I become a fan of agile for that reason. I found agile created "chummier"
teams. I don't think it made for better project delivery, but I did find
having a morning meeting made risks apparent and made people more confident to
raise issues before they snow balled, and people didn't blame each other the
same way. Discussion/communication is basically everything to successful
delivery in my books.

I picked up a neat pseudo meeting trick I use every day now (even in big water
fall projects). I go for coffee down the road. It takes like 15 minutes and
the benefit well outweighs the negative.

The benefits being a casual discussion abut whats going on where people say
things they probably wouldn't normally. Its best to weight till after everyone
has done there morning emails, so maybe 30-60 minutes in then the gossip gets
going. The amount of spite I have heard spewed about
clients/vendors/colleagues you wouldn't hear otherwise is astounding. Its the
casualness of the walk and cafe that lets people vent. But you have to get out
of the office, you have to get away fro the structure, and away from people
that may over hear the criticisms.

Also its not about a team meeting, people won't come and blurt out whats
really on there mind if they think its going to get recorded and itemised.
Remembering if they have read/replied to there emails before you head out.
Then thats mainly whats going to be no there mind, they will bring up the
problems because they are at forefront of there thinking. Its all about
keeping things casual.

On the other days when things are running smoothly you get to know them more
on a personal level, talk about there kids, cats, skiing, what ever. Just
casual gossip and of course its team bonding. When you get to know people a
little better it makes interacting with them easier, raises issues/problems
etc.. isn't going to be such an assault on someone. Even just the effort of
inviting someone that doesn't drink coffee goes along way.

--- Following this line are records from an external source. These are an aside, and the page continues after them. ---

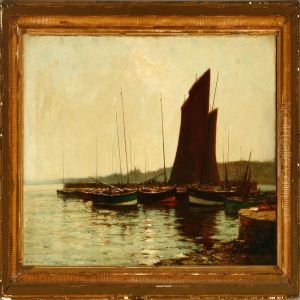 A Habour Scene With Several Fishing Dinghys On A Calm Afternoon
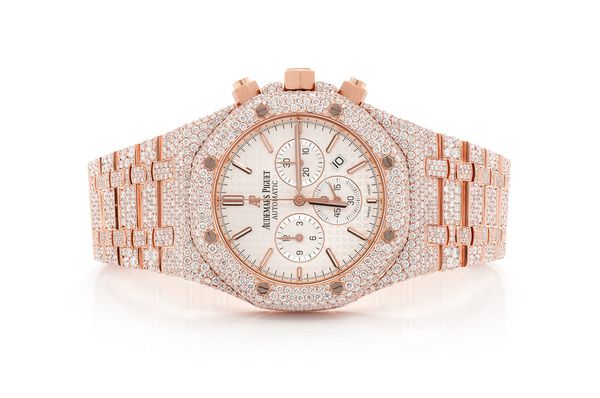 Audemars Piguet Royal Oak 18k Rose Gold - 21.75ctw Fully Iced Out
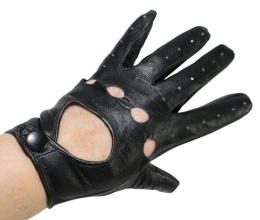 Rękawiczki Skórzane Samochodowe Z wycięciami PolskaGalanteria Ze Skóry Cielęcej Rozmiar 12 CZARNE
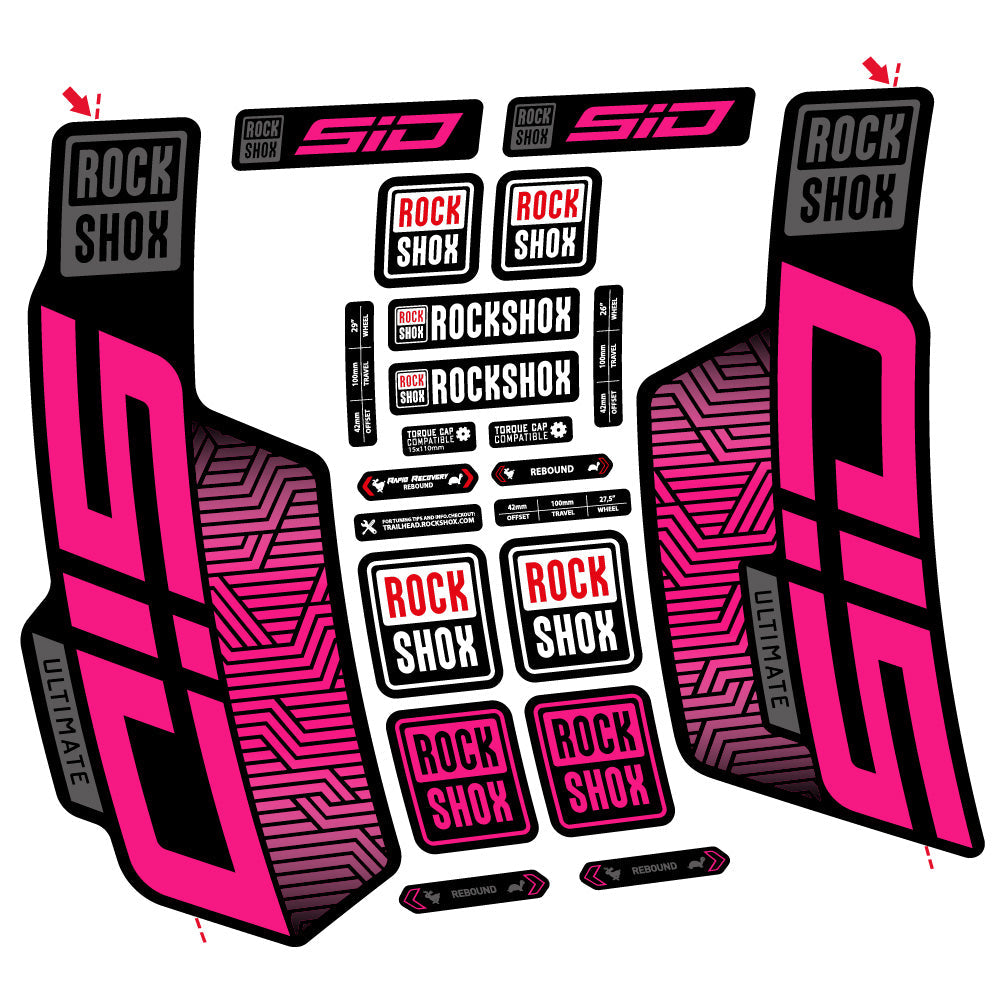 Stickers Rock Shox Sid Ultimate Flight Attendant compatibles Autocollants fourche VTT 29"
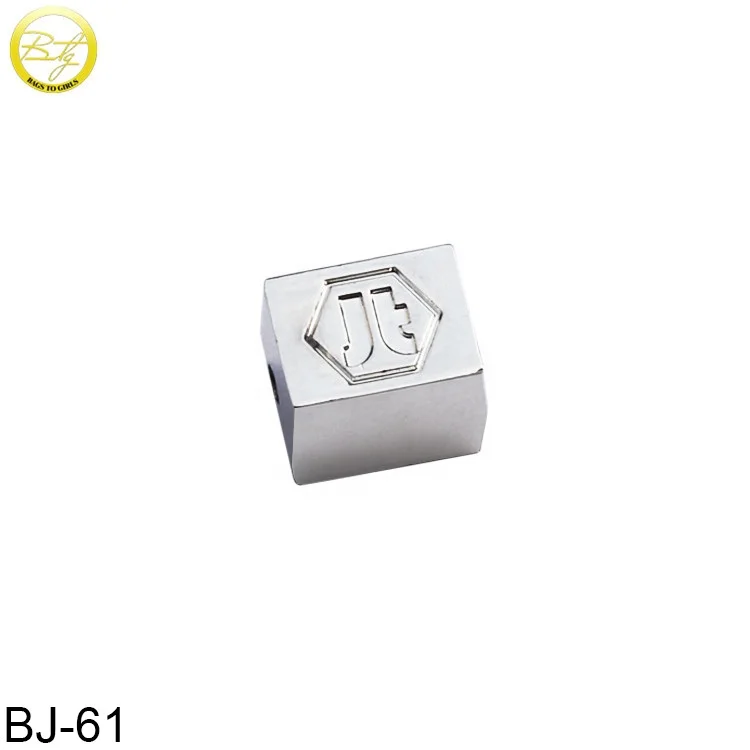 Zinc Alloy Custom Engraved Metal Logo Beads Charm Bracelet Beads for Gift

Can't recommend it enough.

------
espeed
Luke: Obi-Wan? Why didn't you tell me? You told me Vader betrayed and murdered
my father.

Obi-Wan: Your father was seduced by the dark side of the Force. He ceased to
be Anakin Skywalker and became Darth Vader. When that happened, the good man
who was your father was destroyed. So what I told you was true, from a certain
point of view.

Luke: "A certain point of view"?

Obi-Wan: Luke, you will find that many of the truths we cling to depend
greatly on our own point of view.

\--

Perspective is infinite -- only the omniscient see its entirety. But we often
believe that our perspective is the way things are. The whole truth.

Humility is the key to not being limited by what we think we know. "We can't
learn to see until we realize we are blind." -- Alan Kay.

------
ByteMuse
This reminds me of one of my favorite philosophies on learning, the four
stages of competence:

Unconscious incompetence -> Conscious incompetence -> Conscious competence ->
Unconscious competence

 _<http://en.wikipedia.org/wiki/Four_stages_of_competence> _

------
Whippet
Note one of the comments to the article at the bottom quotes Kurt Vonnegut:

"Beware of the man who works hard to learn something, learns it, and finds
himself no wiser than before. He is full of murderous resentment of people who
are ignorant without having come by their ignorance the hard way."
<http://www.quotedb.com/quotes/3786>

------
cypherpunks01
In the beginner's mind there are many possibilities, but in the expert's there
are few.

------
seagaia
I liked the quote on music. Sheet music is good, but as any video can tell
you, you can't just _play_ it and expect it to sound good...

"Beginning musicians play by ear, to the extent that they can play at all.
Then they learn to read music. Eventually, maybe years later, they realize
that music really is about what you hear and not what you see."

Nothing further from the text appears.